Other nations have shown interest in the trainer, and it now also serves in the air forces of Egypt, Sri Lanka and Zimbabwe. While the plane primarily serves as a trainer, it can also be used in the ground-attack role. In export form the Karakorum-8 (K-8), the Basic Common Advanced Jet Trainer, is co-developed by Aircraft Manufacturing Factory (AMF), Pakistan Aeronautical Complex, Kamra, and China National Aero-Technology Import & Export Corporation (CATIC). 500 examples have been built since 1993.
Crew: Two pilots in tandem
Length: 11.6 m (38 ft 0 in)
Wingspan: 9.63 m (31 ft 7 in)
Height: 4.21 m (13 ft 9 in)
Empty weight: 2,687 kg (5,924 lb)
Max takeoff weight: 4,330 kg (9,546 lb)
Powerplant: Garrett/Honeywell TFE731-2A-2A turbofan, 16.01 kN (3,600 lb)
Armament: Option for 23 mm belly-mounted cannon
4 underwing hardpoints capable of 943 kg (2,078 lbs.) of ordnance, including PL-7 anti-aircraft missiles, bombs, or rockets
Maximum speed: 800 km/h (497 mph)
Range: 2,250 km (1,214 nautical miles)
Trumpeter’s JL-8 comes in gray and consists of 52 injection molded parts.

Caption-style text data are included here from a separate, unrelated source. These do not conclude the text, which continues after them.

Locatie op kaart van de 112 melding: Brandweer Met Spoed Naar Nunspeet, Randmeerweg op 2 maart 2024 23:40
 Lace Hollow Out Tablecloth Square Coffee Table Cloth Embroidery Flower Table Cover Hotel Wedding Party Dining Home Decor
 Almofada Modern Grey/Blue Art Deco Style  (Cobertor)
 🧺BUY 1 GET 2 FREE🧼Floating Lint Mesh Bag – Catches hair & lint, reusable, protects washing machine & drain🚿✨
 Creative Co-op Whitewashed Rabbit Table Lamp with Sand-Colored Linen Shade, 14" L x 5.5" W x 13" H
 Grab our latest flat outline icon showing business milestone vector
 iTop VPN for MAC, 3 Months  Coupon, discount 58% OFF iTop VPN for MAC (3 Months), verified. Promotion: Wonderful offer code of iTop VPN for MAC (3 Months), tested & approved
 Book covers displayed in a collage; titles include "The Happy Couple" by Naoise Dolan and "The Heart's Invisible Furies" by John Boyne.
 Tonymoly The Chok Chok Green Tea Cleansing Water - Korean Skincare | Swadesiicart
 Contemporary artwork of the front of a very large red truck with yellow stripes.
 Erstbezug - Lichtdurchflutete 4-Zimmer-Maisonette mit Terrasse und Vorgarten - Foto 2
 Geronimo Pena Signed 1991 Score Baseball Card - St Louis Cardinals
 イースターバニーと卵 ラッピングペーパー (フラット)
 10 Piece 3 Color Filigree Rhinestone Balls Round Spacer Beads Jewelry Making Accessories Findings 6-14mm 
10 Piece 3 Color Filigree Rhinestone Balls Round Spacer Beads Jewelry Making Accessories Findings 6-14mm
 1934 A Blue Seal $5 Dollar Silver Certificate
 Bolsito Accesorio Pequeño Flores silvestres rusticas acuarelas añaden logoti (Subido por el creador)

It features engraved panel lines, highly detailed cockpit and landing gear, and boxed in wheel wells. There is engraved detail on the cockpit instrument panels and seats, and a two-piece canopy. Being primarily a trainer, it has few underwing stores except for a pair of fuel tanks and a twin barrel, 23mm cannon in a belly pod just forward of the leading edge of the wings. There are no pilot figures, and decals are provided for one of two PLAAF red and white trainers, or a more colorful red, white and blue Pakistani Air Force version.
The instructions are clear and well illustrated but contain no history whatsoever, and while high quality color illustrations are provided on a separate sheet for help with the different versions of decals, there is nothing to indicate what unit or nation is employing the different versions. Only through online research was I able to establish what Air Force the Pakistani version belonged to. Although the instructions lack historical details, this is a very detailed kit of what is now China’s primary military jet trainer, and a noteworthy addition for modelers looking to add something a little different to their inventory. Highly recommended.